* Prompt: Your response should be an exact reproduction of the data below, beginning at the line containing "um quarto vazio" and ending with the final line.

The input below:

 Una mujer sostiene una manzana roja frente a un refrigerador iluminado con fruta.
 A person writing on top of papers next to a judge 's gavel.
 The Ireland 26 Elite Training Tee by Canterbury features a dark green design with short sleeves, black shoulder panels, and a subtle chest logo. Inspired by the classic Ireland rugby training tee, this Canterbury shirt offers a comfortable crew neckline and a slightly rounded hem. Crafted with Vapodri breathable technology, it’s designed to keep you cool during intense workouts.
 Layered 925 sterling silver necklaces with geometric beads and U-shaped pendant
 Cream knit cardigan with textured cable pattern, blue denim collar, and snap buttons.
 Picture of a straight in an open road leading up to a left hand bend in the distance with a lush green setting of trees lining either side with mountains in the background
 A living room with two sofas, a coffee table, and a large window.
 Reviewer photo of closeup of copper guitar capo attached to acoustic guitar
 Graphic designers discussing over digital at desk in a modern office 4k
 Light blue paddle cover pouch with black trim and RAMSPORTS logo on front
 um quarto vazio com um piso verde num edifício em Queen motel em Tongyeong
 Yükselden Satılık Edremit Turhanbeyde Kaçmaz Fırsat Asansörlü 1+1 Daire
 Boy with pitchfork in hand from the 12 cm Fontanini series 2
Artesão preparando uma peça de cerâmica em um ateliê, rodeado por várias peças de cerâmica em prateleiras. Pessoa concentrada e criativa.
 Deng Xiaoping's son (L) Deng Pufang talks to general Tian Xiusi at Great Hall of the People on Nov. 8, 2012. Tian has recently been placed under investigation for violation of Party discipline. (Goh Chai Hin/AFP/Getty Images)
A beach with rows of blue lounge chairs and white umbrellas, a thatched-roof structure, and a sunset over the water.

End of The input.

* Reply:
 um quarto vazio com um piso verde num edifício em Queen motel em Tongyeong
 Yükselden Satılık Edremit Turhanbeyde Kaçmaz Fırsat Asansörlü 1+1 Daire
 Boy with pitchfork in hand from the 12 cm Fontanini series 2
Artesão preparando uma peça de cerâmica em um ateliê, rodeado por várias peças de cerâmica em prateleiras. Pessoa concentrada e criativa.
 Deng Xiaoping's son (L) Deng Pufang talks to general Tian Xiusi at Great Hall of the People on Nov. 8, 2012. Tian has recently been placed under investigation for violation of Party discipline. (Goh Chai Hin/AFP/Getty Images)
A beach with rows of blue lounge chairs and white umbrellas, a thatched-roof structure, and a sunset over the water.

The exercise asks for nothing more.